— WHAT THE TASK REQUIRES —
From the records below, copy out exactly the lines from the one containing "Ross River Virus - Cluzie" to the one containing "Before-After Combined", both included. Add nothing else.

— EXERCISE MATERIAL —
Content starts

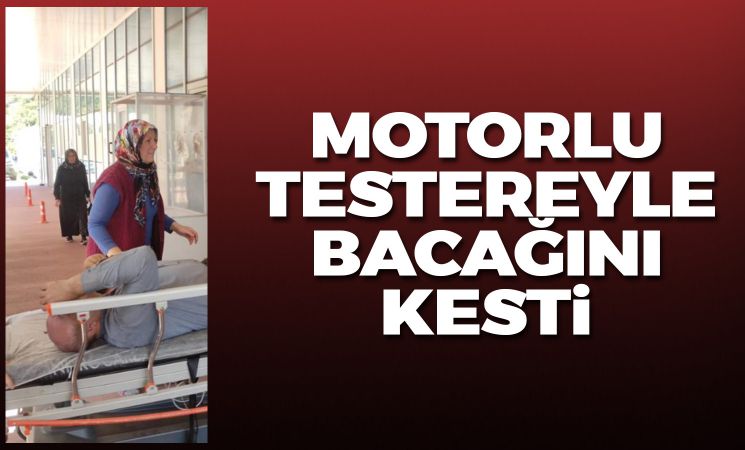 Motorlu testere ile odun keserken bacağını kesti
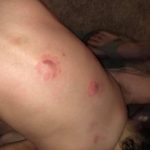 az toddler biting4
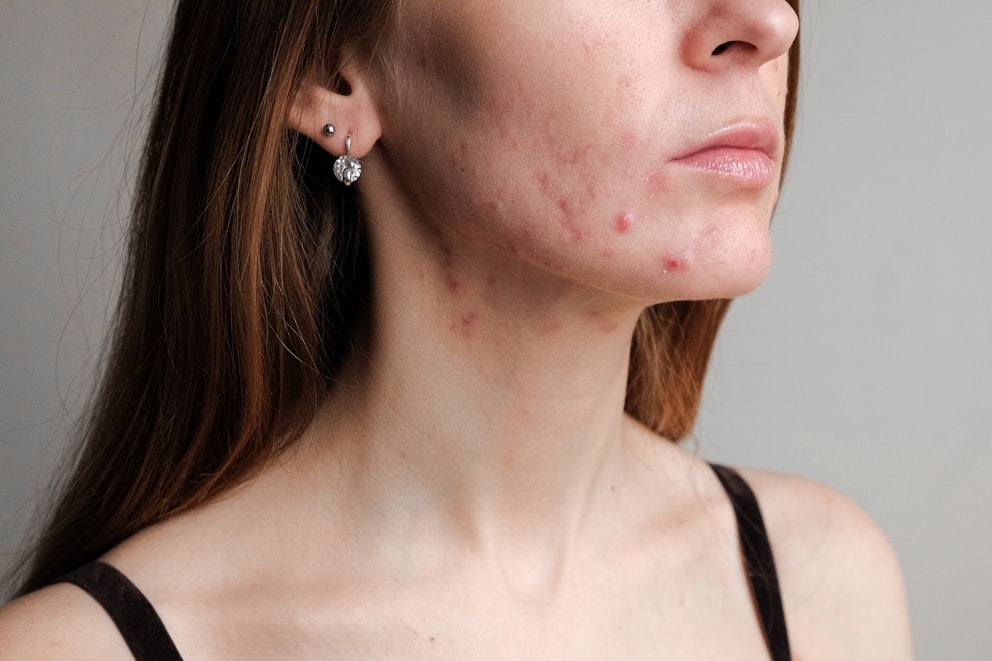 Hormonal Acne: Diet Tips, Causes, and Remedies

Content ends
Content starts

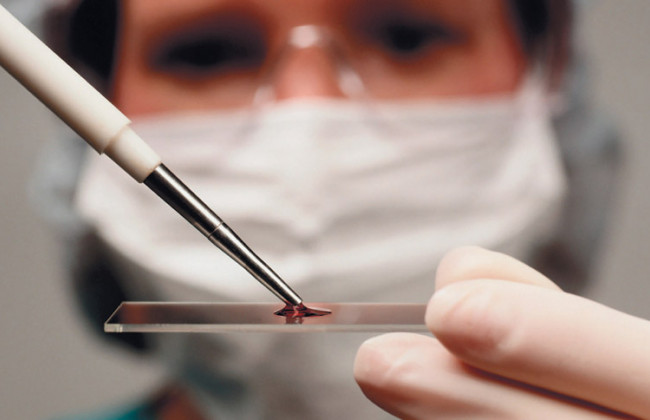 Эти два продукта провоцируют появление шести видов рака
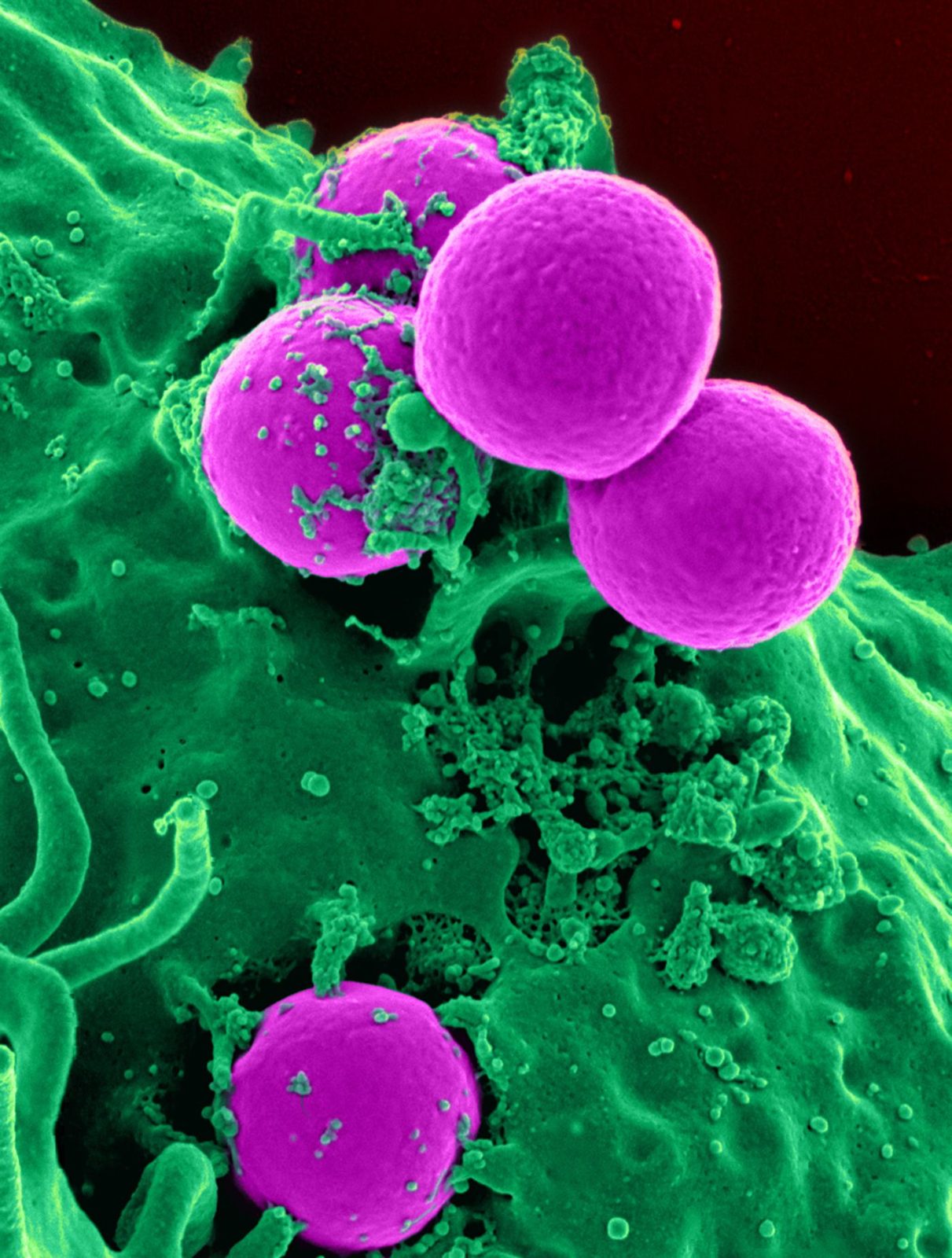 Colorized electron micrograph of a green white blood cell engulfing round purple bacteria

Content ends
Content starts

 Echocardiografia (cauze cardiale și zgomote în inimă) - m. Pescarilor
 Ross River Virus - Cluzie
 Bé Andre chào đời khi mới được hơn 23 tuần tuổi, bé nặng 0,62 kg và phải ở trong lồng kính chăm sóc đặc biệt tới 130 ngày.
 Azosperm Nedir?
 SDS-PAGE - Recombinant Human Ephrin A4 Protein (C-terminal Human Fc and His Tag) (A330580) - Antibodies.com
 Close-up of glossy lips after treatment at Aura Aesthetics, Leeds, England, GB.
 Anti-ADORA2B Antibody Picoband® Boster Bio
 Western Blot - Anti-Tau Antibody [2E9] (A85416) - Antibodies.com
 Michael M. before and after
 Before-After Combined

Content ends

— TASK RESULT —
 Ross River Virus - Cluzie
 Bé Andre chào đời khi mới được hơn 23 tuần tuổi, bé nặng 0,62 kg và phải ở trong lồng kính chăm sóc đặc biệt tới 130 ngày.
 Azosperm Nedir?
 SDS-PAGE - Recombinant Human Ephrin A4 Protein (C-terminal Human Fc and His Tag) (A330580) - Antibodies.com
 Close-up of glossy lips after treatment at Aura Aesthetics, Leeds, England, GB.
 Anti-ADORA2B Antibody Picoband® Boster Bio
 Western Blot - Anti-Tau Antibody [2E9] (A85416) - Antibodies.com
 Michael M. before and after
 Before-After Combined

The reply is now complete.